• [Aim of the exercise] As the answer, give exactly the lines of the records below from the one with "Fototapeta premium Snow-covered" through the one with "Large dinosaur egg", ends included and pictures left out.

• [Dataset extract]

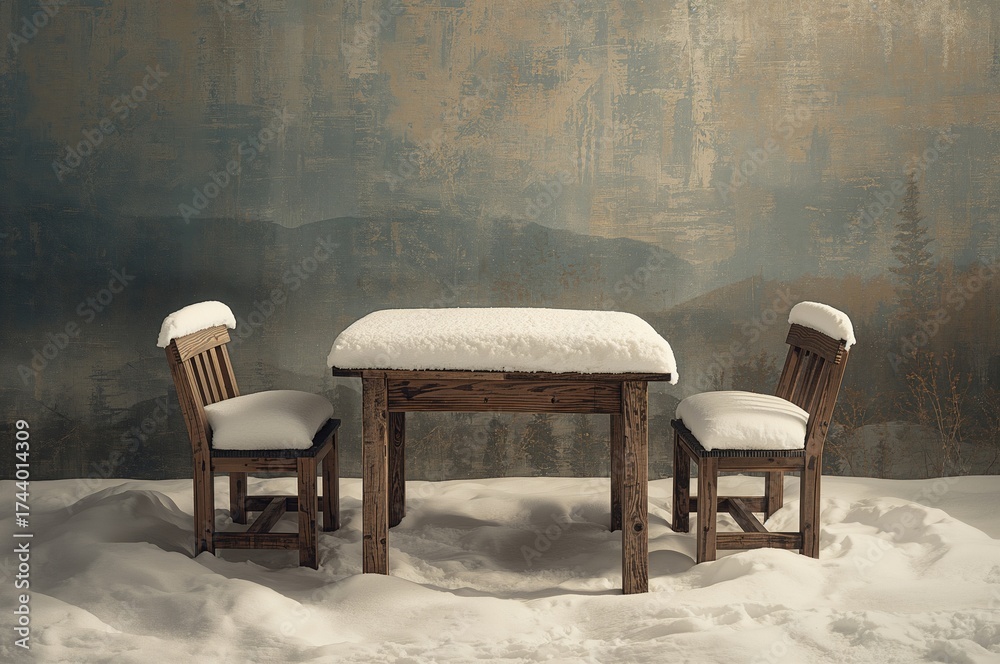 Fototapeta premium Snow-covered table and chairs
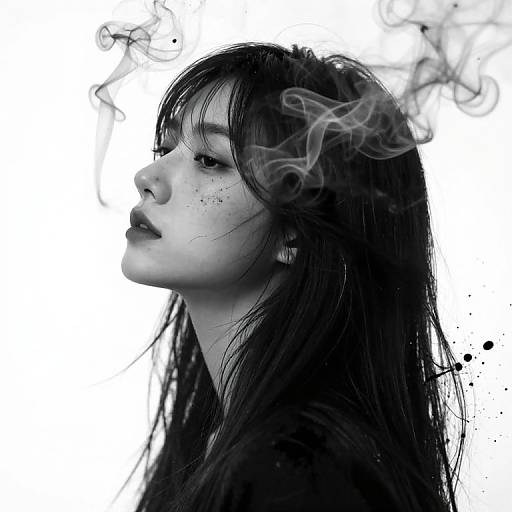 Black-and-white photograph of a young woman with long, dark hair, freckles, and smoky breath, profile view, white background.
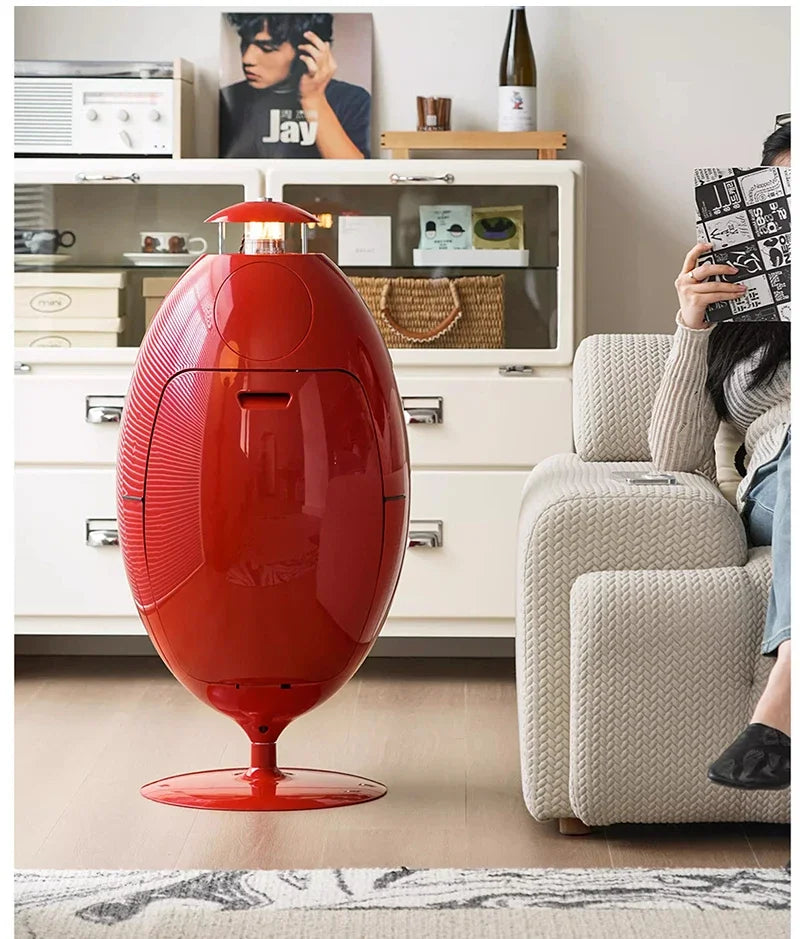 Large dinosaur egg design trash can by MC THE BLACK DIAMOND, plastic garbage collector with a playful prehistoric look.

...

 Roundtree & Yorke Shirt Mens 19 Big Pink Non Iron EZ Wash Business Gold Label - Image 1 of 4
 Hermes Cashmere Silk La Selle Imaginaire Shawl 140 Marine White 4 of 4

• [Answer for the task]
 Fototapeta premium Snow-covered table and chairs
 Black-and-white photograph of a young woman with long, dark hair, freckles, and smoky breath, profile view, white background.
 Large dinosaur egg design trash can by MC THE BLACK DIAMOND, plastic garbage collector with a playful prehistoric look.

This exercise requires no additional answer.